__RECORDS FOR THE EXERCISE__.
────────────────

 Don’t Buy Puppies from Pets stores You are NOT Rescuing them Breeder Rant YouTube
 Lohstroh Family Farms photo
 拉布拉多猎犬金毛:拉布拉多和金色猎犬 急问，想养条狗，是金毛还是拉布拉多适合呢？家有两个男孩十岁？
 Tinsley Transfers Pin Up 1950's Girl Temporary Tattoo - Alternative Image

────────────────

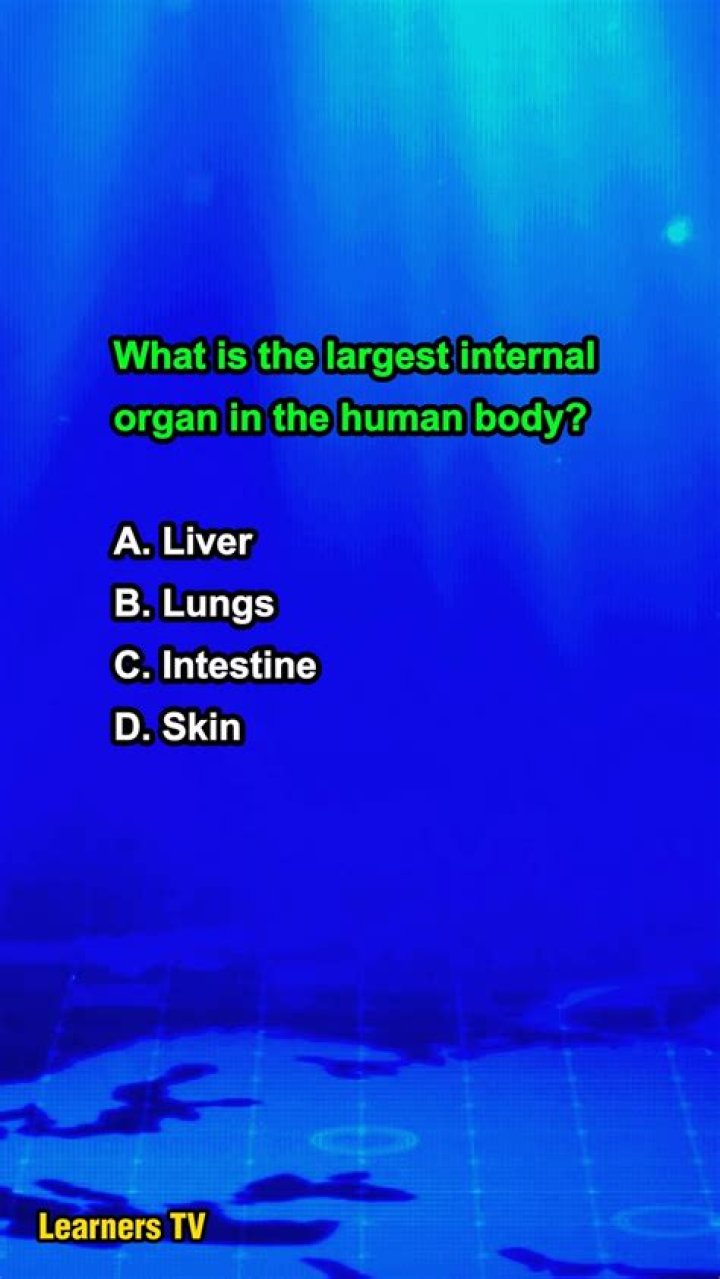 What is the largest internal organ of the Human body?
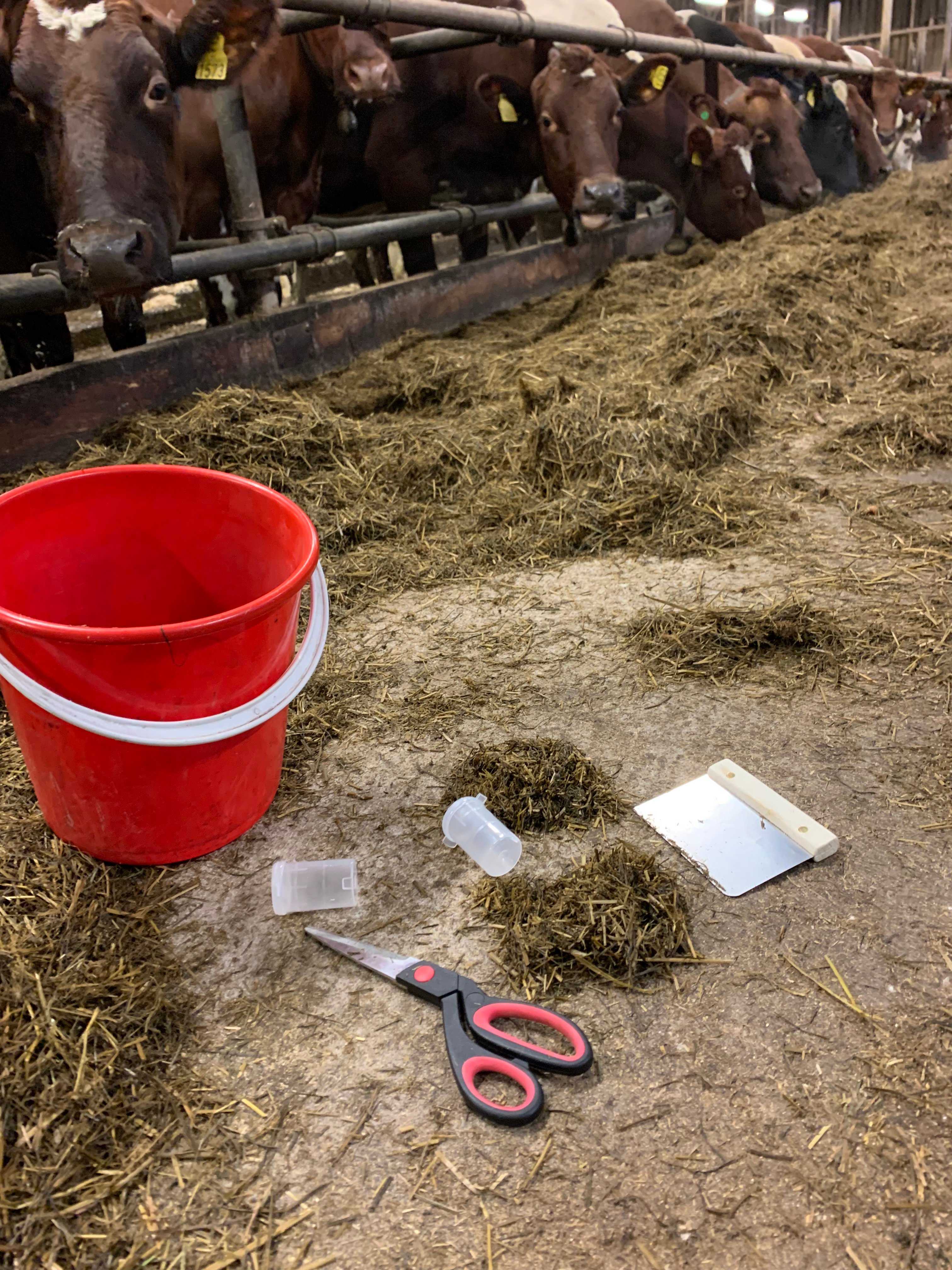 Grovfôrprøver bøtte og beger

────────────────

__TASK STATEMENT__. Once the line with "Don’t Buy Puppies" is found in the records above, print exactly that line and every line after it through the line with "Tinsley Transfers Pin".

__ANSWER TO THIS TASK__.
 Don’t Buy Puppies from Pets stores You are NOT Rescuing them Breeder Rant YouTube
 Lohstroh Family Farms photo
 拉布拉多猎犬金毛:拉布拉多和金色猎犬 急问，想养条狗，是金毛还是拉布拉多适合呢？家有两个男孩十岁？
 Tinsley Transfers Pin Up 1950's Girl Temporary Tattoo - Alternative Image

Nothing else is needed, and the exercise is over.